## WORK TASK
Print all of the entries exactly, minus the pictures.

## STORED DATA
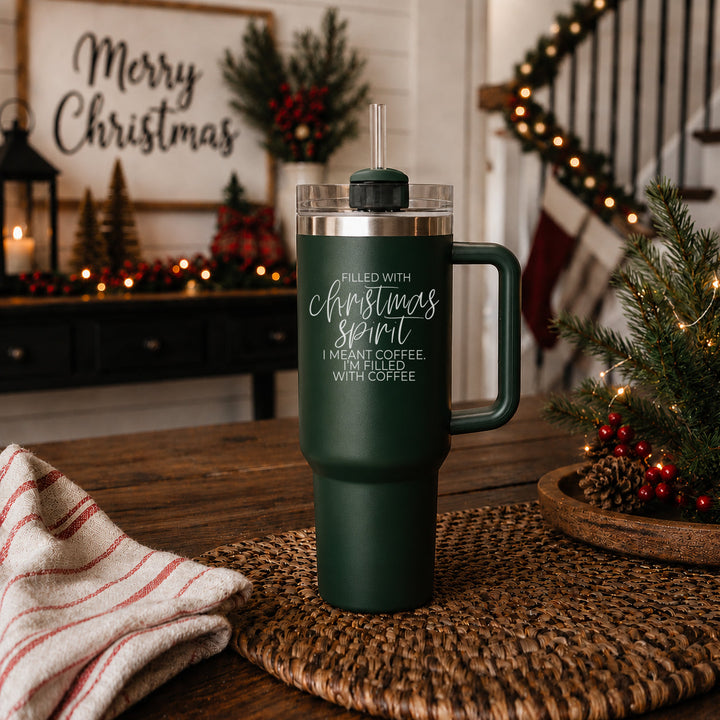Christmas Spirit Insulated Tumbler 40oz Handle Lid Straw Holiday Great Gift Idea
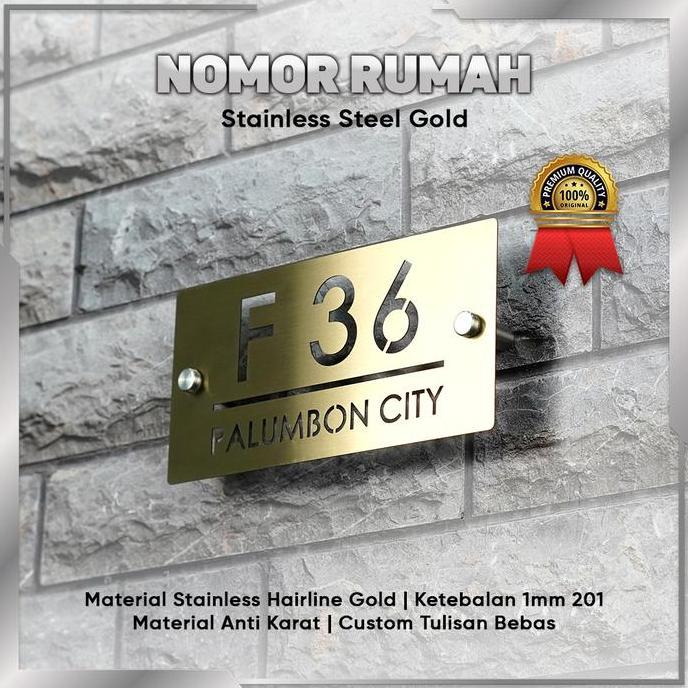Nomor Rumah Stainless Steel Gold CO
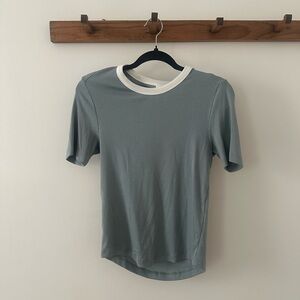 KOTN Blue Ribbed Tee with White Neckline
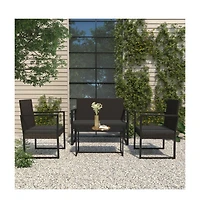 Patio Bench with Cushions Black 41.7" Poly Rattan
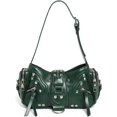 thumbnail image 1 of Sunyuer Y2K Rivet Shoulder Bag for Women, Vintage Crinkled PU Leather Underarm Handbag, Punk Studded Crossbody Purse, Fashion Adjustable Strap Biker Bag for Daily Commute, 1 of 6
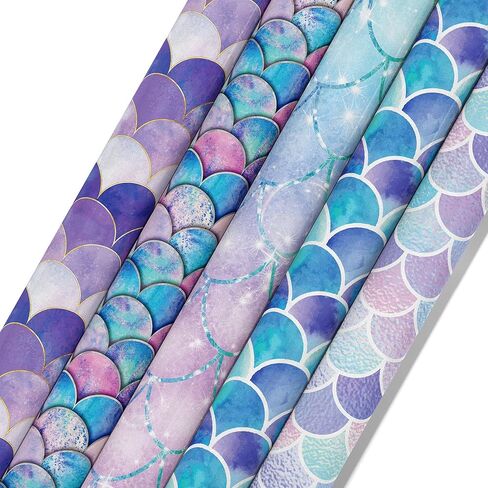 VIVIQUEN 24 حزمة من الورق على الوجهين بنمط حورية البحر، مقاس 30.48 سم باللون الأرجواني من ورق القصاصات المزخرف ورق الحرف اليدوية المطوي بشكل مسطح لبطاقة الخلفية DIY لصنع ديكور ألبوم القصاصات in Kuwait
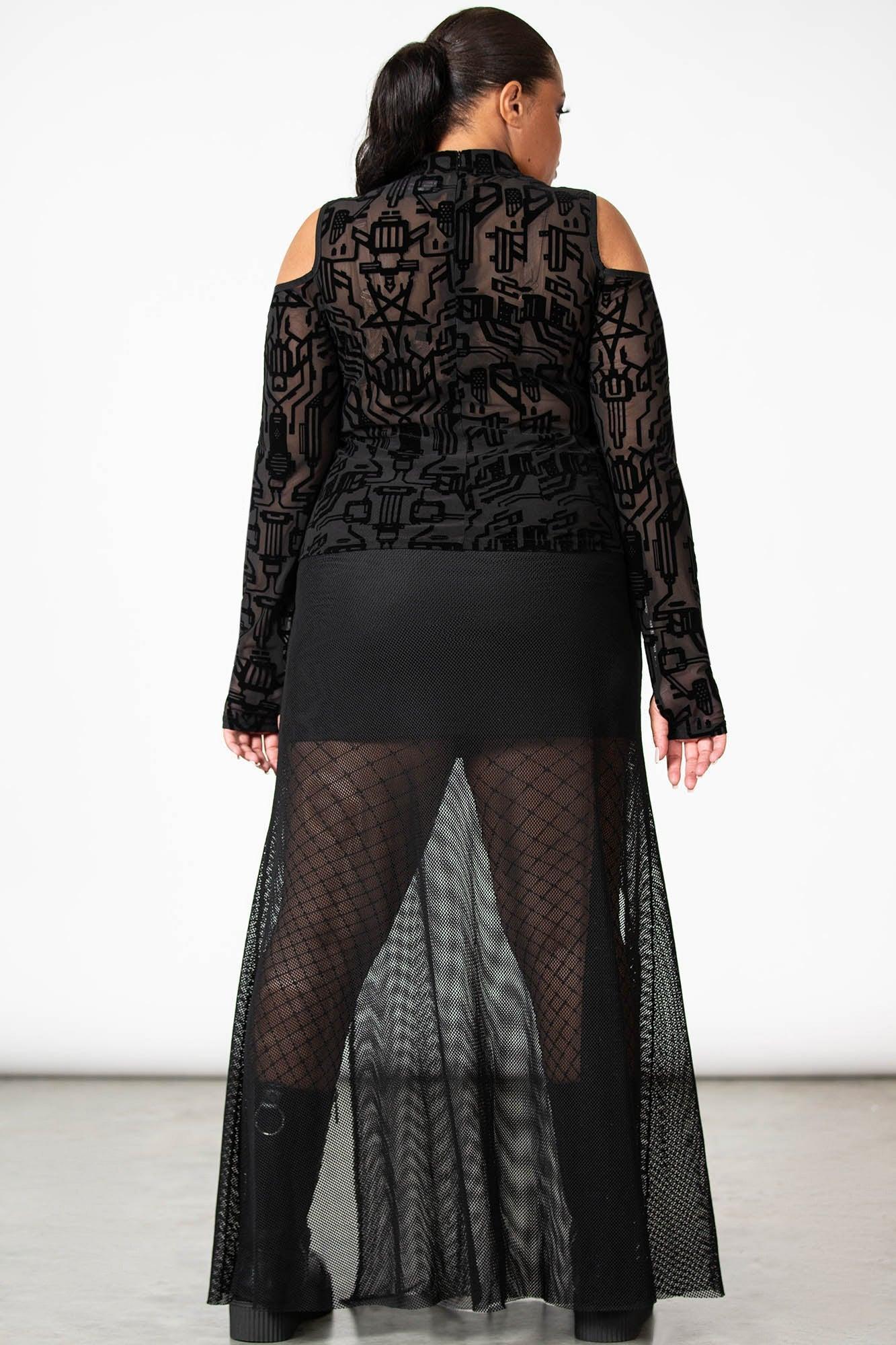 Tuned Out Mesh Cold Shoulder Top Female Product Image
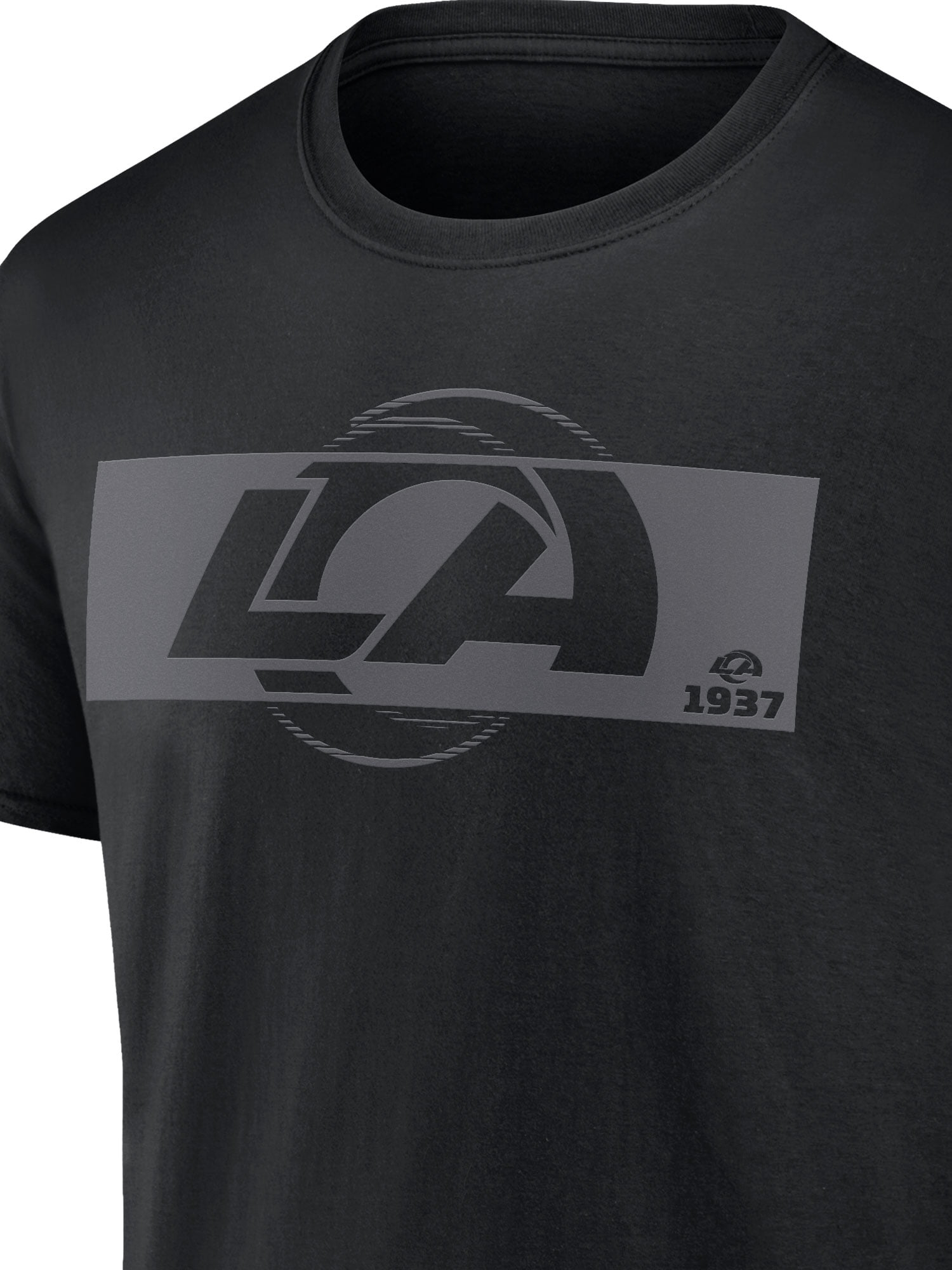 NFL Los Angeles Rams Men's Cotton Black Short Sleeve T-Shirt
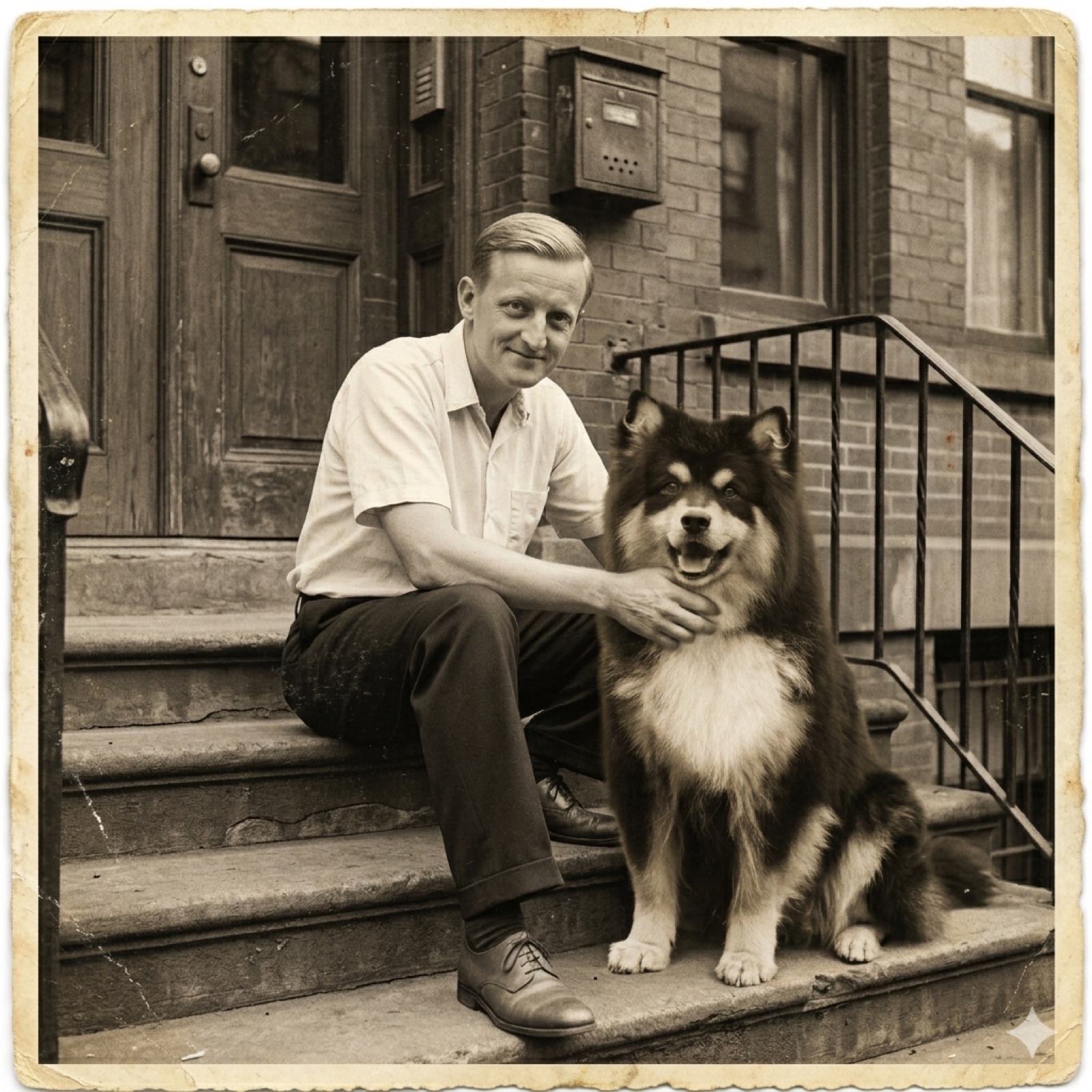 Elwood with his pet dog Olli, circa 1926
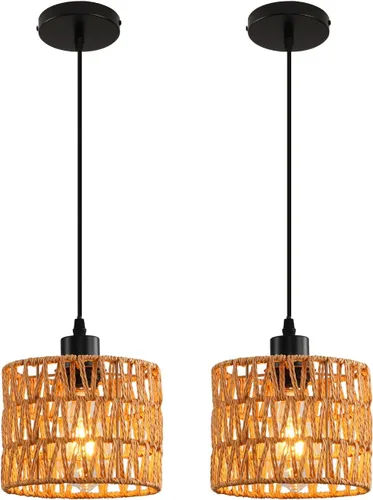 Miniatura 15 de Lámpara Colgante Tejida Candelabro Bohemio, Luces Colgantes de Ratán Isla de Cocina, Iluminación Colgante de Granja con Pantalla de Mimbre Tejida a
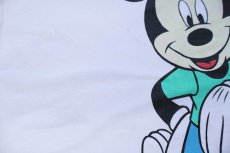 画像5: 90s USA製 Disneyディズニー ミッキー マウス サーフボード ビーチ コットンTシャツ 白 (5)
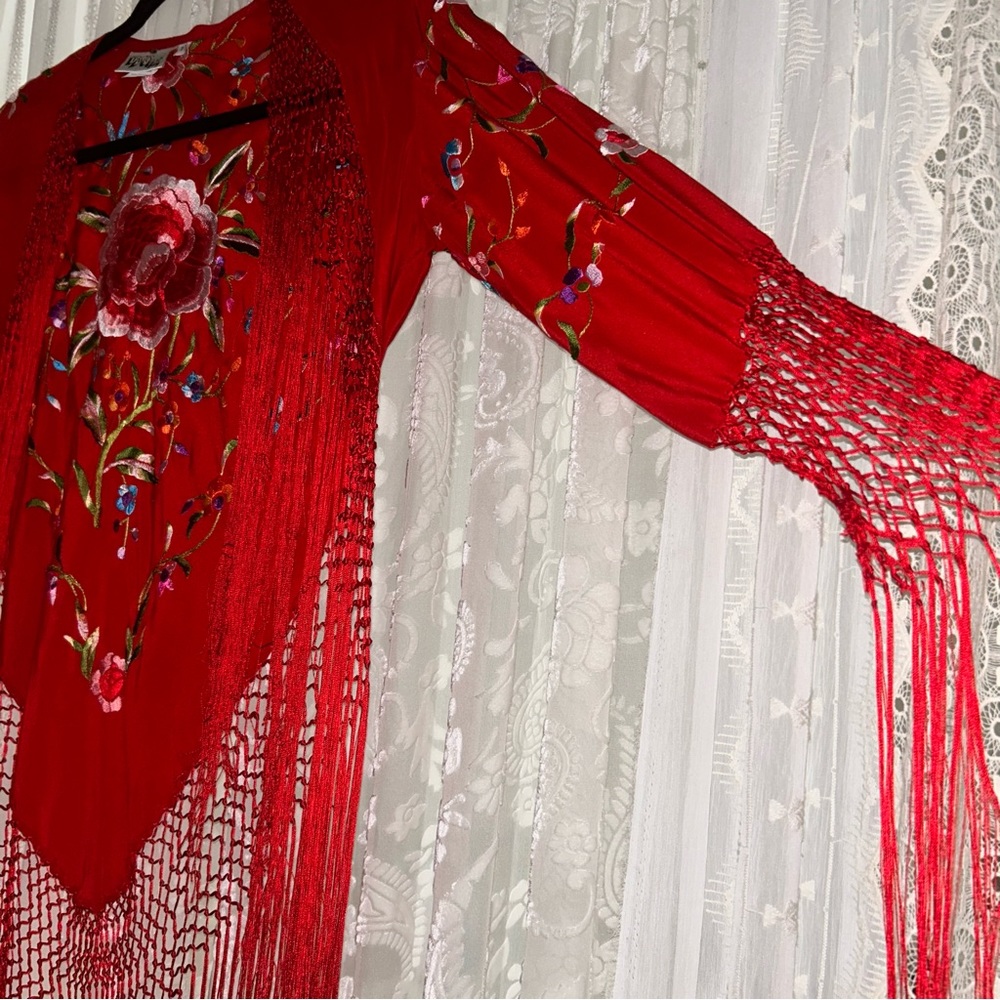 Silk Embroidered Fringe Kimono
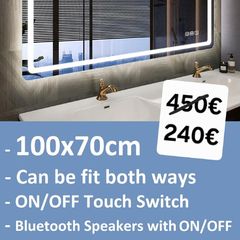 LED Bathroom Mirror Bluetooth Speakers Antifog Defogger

## RESPONSE FOR THIS EXERCISE
Christmas Spirit Insulated Tumbler 40oz Handle Lid Straw Holiday Great Gift Idea
Nomor Rumah Stainless Steel Gold CO
 KOTN Blue Ribbed Tee with White Neckline
 Patio Bench with Cushions Black 41.7" Poly Rattan
 thumbnail image 1 of Sunyuer Y2K Rivet Shoulder Bag for Women, Vintage Crinkled PU Leather Underarm Handbag, Punk Studded Crossbody Purse, Fashion Adjustable Strap Biker Bag for Daily Commute, 1 of 6
 VIVIQUEN 24 حزمة من الورق على الوجهين بنمط حورية البحر، مقاس 30.48 سم باللون الأرجواني من ورق القصاصات المزخرف ورق الحرف اليدوية المطوي بشكل مسطح لبطاقة الخلفية DIY لصنع ديكور ألبوم القصاصات in Kuwait
 Tuned Out Mesh Cold Shoulder Top Female Product Image
 NFL Los Angeles Rams Men's Cotton Black Short Sleeve T-Shirt
 Elwood with his pet dog Olli, circa 1926
 Miniatura 15 de Lámpara Colgante Tejida Candelabro Bohemio, Luces Colgantes de Ratán Isla de Cocina, Iluminación Colgante de Granja con Pantalla de Mimbre Tejida a
 画像5: 90s USA製 Disneyディズニー ミッキー マウス サーフボード ビーチ コットンTシャツ 白 (5)
 Silk Embroidered Fringe Kimono
 LED Bathroom Mirror Bluetooth Speakers Antifog Defogger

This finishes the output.